Na literatura, especialmente nas crônicas (em Sérgio Porto, Luis Fernando Veríssimo, Millôr Fernandes e muitos outros), encontramos vários sentidos do urbano no dia-a-dia. Pensemos, por exemplo, na noção de “transporte”: nas crônicas nos deparamos com sujeitos que realizam percursos, a pé ou com algum meio de transporte, entre a casa e o trabalho, a casa e o lazer ou transitando pelo espaço público. A cidade aí não funciona tão bem como prevêm os discursos de organização: há condições precárias, há atrasos, há incompreensão na leitura dos itinerários, há acidentes, empurrões, indiferença etc. E há também situações inusitadas, costumes singulares, personagens típicos, gentileza e indiferença, conflito e convívio entre diferentes.

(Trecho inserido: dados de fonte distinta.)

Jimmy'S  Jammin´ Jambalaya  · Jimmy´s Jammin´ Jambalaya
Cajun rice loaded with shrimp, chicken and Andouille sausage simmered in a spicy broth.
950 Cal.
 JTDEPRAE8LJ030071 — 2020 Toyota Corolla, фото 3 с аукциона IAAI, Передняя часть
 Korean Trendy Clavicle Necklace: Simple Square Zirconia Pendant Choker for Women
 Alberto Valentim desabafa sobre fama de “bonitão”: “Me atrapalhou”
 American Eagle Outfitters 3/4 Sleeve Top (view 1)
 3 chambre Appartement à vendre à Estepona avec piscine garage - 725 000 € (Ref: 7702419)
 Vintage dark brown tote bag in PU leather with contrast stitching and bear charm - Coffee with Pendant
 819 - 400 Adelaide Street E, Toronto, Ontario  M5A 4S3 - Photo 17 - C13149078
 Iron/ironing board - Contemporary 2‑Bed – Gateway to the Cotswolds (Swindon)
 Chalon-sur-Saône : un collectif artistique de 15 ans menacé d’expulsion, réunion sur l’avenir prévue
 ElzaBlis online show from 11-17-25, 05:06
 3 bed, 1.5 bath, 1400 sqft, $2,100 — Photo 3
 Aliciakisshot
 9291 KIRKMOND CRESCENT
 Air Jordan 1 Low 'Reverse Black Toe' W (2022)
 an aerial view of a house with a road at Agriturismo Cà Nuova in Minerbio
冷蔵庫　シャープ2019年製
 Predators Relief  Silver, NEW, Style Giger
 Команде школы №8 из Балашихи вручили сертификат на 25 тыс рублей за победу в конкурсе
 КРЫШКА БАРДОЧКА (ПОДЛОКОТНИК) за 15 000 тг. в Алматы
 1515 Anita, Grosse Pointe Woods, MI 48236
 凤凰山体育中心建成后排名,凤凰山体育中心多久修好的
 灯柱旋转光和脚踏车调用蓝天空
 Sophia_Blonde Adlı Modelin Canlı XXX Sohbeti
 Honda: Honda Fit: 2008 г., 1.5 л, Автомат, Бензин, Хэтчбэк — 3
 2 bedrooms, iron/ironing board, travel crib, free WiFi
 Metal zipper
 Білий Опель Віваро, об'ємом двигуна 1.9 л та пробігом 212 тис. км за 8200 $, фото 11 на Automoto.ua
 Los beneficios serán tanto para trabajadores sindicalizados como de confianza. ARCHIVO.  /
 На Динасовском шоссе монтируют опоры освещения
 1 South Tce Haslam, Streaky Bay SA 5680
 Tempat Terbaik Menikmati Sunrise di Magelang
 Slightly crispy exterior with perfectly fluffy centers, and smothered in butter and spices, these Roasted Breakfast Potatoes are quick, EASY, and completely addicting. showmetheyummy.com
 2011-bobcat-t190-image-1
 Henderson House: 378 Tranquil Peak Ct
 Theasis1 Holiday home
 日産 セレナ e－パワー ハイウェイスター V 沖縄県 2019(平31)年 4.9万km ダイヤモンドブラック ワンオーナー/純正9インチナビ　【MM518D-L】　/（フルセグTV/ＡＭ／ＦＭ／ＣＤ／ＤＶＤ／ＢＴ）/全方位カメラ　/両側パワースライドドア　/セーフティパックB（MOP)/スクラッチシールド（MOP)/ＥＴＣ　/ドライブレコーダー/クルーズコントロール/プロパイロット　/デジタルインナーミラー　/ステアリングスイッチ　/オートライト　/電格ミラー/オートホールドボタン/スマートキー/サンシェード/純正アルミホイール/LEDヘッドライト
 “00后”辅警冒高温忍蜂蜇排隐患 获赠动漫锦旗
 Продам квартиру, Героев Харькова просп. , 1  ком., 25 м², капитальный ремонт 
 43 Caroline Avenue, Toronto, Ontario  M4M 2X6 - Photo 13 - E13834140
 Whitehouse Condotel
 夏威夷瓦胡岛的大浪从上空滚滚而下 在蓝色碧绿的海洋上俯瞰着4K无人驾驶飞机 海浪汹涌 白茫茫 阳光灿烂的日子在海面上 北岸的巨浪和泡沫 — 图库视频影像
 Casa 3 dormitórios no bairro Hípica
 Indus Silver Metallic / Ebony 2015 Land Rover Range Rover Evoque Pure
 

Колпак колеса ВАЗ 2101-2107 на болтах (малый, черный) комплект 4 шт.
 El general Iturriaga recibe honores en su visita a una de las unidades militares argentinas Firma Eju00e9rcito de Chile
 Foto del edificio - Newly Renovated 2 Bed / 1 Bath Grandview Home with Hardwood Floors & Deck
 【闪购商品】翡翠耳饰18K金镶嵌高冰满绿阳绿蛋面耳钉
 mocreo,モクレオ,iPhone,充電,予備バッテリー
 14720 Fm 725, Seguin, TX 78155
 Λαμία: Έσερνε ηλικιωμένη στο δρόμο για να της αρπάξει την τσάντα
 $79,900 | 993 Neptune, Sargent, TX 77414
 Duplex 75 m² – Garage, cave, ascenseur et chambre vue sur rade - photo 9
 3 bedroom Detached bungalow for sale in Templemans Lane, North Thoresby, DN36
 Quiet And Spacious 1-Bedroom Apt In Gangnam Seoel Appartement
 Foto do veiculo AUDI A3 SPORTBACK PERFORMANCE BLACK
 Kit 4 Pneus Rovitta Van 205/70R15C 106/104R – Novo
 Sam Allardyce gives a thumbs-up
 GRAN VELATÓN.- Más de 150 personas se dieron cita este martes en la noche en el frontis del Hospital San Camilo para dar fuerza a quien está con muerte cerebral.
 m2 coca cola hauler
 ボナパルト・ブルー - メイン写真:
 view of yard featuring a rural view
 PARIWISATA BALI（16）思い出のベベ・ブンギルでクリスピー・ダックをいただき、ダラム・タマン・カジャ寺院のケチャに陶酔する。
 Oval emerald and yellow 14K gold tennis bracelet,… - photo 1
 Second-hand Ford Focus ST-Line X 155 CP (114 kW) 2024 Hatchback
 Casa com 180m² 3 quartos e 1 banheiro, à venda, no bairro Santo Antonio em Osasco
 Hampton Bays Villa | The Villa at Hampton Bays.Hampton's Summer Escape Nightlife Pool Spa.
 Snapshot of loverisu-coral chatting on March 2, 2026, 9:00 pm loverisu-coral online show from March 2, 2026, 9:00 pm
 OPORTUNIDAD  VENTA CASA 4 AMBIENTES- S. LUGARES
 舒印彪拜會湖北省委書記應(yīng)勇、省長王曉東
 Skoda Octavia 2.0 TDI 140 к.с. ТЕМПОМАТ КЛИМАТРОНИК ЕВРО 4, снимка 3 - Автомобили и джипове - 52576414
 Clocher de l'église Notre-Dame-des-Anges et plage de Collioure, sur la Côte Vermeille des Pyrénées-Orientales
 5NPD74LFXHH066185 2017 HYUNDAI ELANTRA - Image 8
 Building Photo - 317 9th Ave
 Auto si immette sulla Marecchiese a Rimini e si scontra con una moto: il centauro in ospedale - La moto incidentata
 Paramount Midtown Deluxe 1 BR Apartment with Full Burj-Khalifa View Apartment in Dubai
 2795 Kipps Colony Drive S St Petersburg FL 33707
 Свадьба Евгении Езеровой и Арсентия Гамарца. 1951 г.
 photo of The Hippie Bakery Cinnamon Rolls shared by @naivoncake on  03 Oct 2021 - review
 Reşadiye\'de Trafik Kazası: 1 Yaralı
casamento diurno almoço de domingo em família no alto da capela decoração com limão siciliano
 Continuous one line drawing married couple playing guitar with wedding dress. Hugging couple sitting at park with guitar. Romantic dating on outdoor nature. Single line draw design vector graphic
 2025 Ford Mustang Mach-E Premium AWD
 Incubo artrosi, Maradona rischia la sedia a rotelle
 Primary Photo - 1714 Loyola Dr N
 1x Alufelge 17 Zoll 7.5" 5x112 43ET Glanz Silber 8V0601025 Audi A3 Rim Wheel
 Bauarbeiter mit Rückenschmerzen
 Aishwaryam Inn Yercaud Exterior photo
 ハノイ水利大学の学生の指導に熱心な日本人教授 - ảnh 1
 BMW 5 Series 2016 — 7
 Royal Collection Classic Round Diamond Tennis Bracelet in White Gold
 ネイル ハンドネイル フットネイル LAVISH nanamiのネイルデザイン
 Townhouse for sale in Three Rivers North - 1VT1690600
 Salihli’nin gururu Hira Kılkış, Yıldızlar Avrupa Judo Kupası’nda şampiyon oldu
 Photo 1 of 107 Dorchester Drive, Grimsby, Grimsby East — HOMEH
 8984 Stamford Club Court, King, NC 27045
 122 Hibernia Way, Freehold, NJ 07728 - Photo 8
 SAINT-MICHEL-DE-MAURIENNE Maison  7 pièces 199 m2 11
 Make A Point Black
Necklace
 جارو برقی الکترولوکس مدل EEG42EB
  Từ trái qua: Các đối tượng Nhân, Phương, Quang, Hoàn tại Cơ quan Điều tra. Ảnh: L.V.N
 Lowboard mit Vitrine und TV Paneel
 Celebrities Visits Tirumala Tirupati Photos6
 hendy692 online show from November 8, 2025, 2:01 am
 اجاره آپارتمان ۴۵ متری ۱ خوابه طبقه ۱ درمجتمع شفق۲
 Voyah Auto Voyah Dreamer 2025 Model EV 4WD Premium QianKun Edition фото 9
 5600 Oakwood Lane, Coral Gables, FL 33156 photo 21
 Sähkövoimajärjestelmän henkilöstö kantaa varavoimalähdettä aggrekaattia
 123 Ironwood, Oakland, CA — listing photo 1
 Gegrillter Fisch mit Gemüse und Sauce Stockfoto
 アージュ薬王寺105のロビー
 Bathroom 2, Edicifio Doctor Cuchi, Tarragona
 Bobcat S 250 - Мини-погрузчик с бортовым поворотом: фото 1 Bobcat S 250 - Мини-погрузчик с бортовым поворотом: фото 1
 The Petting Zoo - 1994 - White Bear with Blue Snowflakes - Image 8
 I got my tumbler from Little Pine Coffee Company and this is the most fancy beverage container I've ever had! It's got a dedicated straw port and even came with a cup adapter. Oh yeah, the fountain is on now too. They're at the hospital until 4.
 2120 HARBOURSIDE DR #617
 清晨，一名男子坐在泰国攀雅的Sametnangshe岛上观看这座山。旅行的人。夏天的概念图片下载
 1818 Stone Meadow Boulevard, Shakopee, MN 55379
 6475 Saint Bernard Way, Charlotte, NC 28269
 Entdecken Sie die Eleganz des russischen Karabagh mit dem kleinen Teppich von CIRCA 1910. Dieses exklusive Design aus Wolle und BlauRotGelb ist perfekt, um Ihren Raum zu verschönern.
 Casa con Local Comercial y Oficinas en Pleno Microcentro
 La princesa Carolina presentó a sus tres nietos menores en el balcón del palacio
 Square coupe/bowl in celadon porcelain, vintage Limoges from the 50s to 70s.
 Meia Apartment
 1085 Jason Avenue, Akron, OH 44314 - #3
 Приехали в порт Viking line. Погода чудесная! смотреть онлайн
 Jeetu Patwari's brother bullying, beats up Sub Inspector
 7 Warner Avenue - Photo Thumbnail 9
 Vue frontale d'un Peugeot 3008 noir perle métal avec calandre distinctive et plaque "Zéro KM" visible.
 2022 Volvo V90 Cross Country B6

Na crônica “Estrada de Ferro-Leblon”, de Paulo Porto, escrita em 1954, notamos por contraste com a atualidade como a “quantidade” era significada no transporte: “Este é o meu itinerário de muitos anos. Já o fiz de ônibus, nos bons tempos em que só valia viajar sentado. Depois veio a ordem para os oito em pé, e lá viemos nós – os do ônibus – a compartilhar com um número maior de almas irmãs os solavancos sortidos que a prefeitura proporcionou aos moradores desta cidade, através de seus bem cuidados buracos. Mas, lá um dia, um sábio qualquer, das chamadas classes dirigentes, fez cair a portaria dos oito em pé. O oito caiu, ficou deitado, e como um oito deitado é o símbolo do infinito, nasceu a suposição de que, nos ônibus, há sempre lugar para mais um.”. Da obrigação de viajar sentado aos ônibus lotados de hoje, e mais ainda aos “surfistas ferroviários”, vemos os sentidos do excesso tomar lugar no transporte público.
Na atualidade, os meios de trransporte se proliferaram, mas os transtornos aumentaram em uma cidade que privilegia o automóvel e o transporte individual. Em uma crônica denominada o “sem-carro”, um desses neologismos provisórios do cotidiano, a escritora e jornalista Vanessa Bárbara (2014) descreve percursos realizados por esses sujeitos que “precisam tomar duas conduções, seguidas de um trem (com baldeação), uma van clandestina, uma carona na rabeira de um caminhão, e um trecho de paralelepípido vencido a pé, totalizando um percurso que leva, em média, uma hora e quarenta minutos”. O vocabulário a partir dessa posição de quem utiliza transporte urbano é extenso: itinerário, linha, fila, coletivo, autofóbico, ladeira, sacolejo, corredor de ônibus, terminal, etc.
As crônicas urbanas nos pemitem observar a relação dos sujeitos com a cidade, com os meios de transporte, com a alteridade no espaço público, saindo dos percursos pré-estabelecidos e dos sentidos estabilizados da organização urbana.
Bibliografia
BÁRBARA, Vanessa. O sem-carro. In: O Louco de Palestra. São Paulo: Companhia das Letras, 2014.
PORTO, Sérgio. O Homem ao Lado – crônicas. São Paulo: Companhia das Letras, 2014.